A prototypical fluxional molecule is phosphorus pentafluoride. Its ^{19}F NMR spectrum consists of a ^{31}P-coupled doublet, indicating that the equatorial and axial fluorine centers interchange rapidly on the NMR timescale. Fluorine-19 NMR spectroscopy, even at temperatures as low as −100 °C, fails to distinguish the axial from the equatorial fluorine environments. The apparent equivalency arises from the low barrier for pseudorotation via the Berry mechanism, by which the axial and equatorial fluorine atoms rapidly exchange positions. Iron pentacarbonyl (Fe(CO)_{5}) follows the pattern set for PF_{5}: only one signal is observed in the ^{13}C NMR spectrum near room temperature) whereas at low temperatures, two signals in a 2:3 ratio can be resolved.
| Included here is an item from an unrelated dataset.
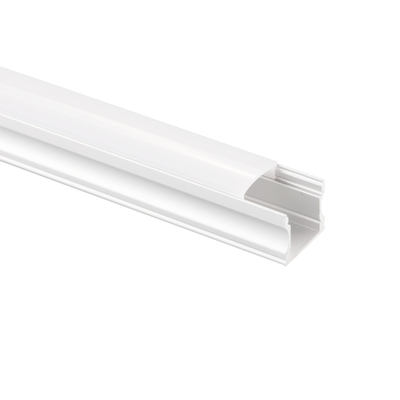 O difusor do PC dos dispositivos elétricos de iluminação Recessed o canal de alumínio conduzido para a tira conduzida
In sulfur tetrafluoride (SF_{4}), a similar pattern is observed even though this compound has only four ligands.

===Six-coordinate species===
While nonrigidity is common for pentacoordinate species, six-coordinate species typically adopt a more rigid octahedral molecular geometry, featuring close-packed array of six ligating atoms surrounding a central atom. Such compounds do rearrange intramolecularly via the Ray-Dutt twist and the Bailar twist, but the barriers for these processes are typically high such that these processes do not lead to line broadening. For some compounds, dynamics occur via dissociation of a ligand, giving a pentacoordinate intermediate, which is subject to the mechanisms discussed above. Yet another mechanism, exhibited by Fe(CO)_{4}(SiMe_{3})_{2} and related hydride complexes, is intramolecular scrambling of ligands over the faces of the tetrahedron defined by the four CO ligands.

===Dimethylformamide===
A classic example of a fluxional molecule is dimethylformamide (DMF).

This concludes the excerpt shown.